How To Find Common Ground When It Comes To Sex
The biggest, most important way to find common ground when it comes to sex is communication! This is a big deal because without it, you won’t see eye to eye – ever, on anything, but especially not on sex.
Below are some suggestions on how to approach sex for men and women, so you can each feel happy and satisfied with your sexual relationship.
- Talk About What You Want In A Sexual Relationship
Think about all the things you want in your sexual relationship. Do you want to be dominant, aggressive? Do you want to do oral? Do you want her to sit on your face? Don’t be afraid to put your desires out there.
Just don’t act like it’s your way or the highway. You need to be sure and hear out her desires, too, and make sure you’re each willing to compromise on the things you do and don’t want to do in bed. Communication in the bedroom will prevent sex from feeling like men vs women, and more like men and women.
- Talk About What You Need, Too
Is there something you feel needs or doesn’t need to happen during sex? Maybe you need reassurance and compliments during the act. Or maybe you don’t want her to touch a certain part of your body because it reminds you of a past trauma. Communicate your needs to her so she’s not blindsided by them later.
- Confess Your Insecurities
Insecurities are hard for men to confess, but if you truly want a healthy sexual relationship with your partner, it’s a must. If you feel insecure about your weight, have trust issues, or worry about not lasting long enough due to erectile dysfunction– talk it through with her so you can overcome it together.

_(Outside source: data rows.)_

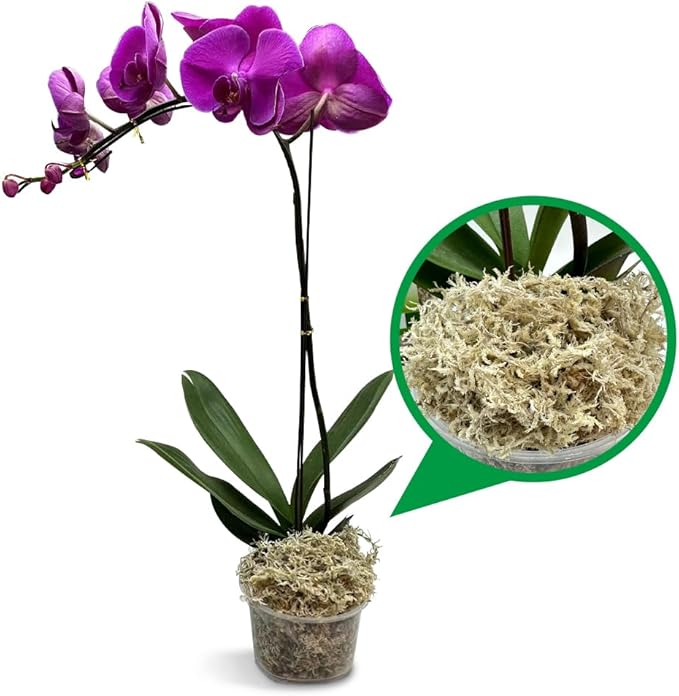 Natural Long Fiber Sphagnum Moss 82QT for Orchid Potting Mix,and Moss Pole for Plants Indoor.Ideal for Propagating Plants,Maintaining Humidity for Reptiles, Isopods in Paludarium, Aquascape (1.5 lb)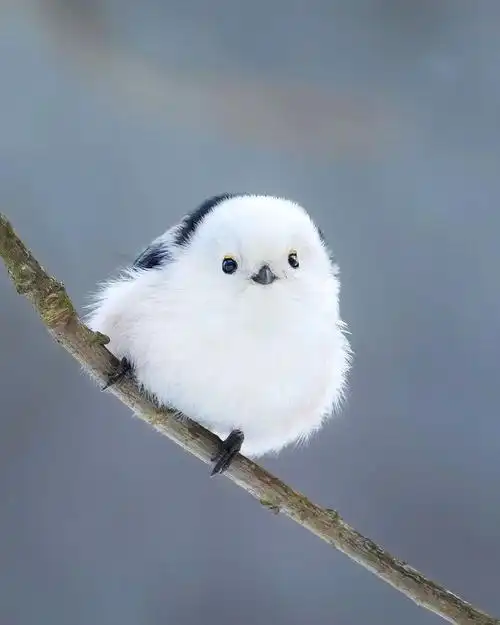 或许,你们喜欢肥啾吗?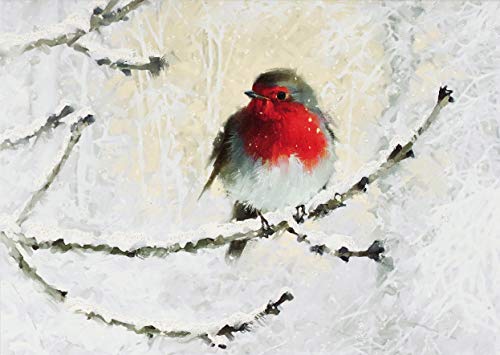Product Cover English Robin in Winter Deluxe Boxed Holiday Cards (Christmas Cards, Greeting Cards)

- Communicate Before, During, And After Sex
The word of the day is communication. All day, all night, before, during, and after sex. Keep talking things out and working things out between the two of you. Find what works and what doesn’t. You’ll make things a lot more pleasurable for the both of you if you’re both on the same page of your sex life.
Masculine Men Meet Their Partner’s Needs As Well As Their Own
Masculine men don’t just take and demand. They give, provide, and know how to approach sex. They make their partners happy, and they’re individuals. Don’t let yourself be stereotyped or think that there’s only one way for you to approach sex. Don’t compromise on your values, and remember to be considerate of the person you love.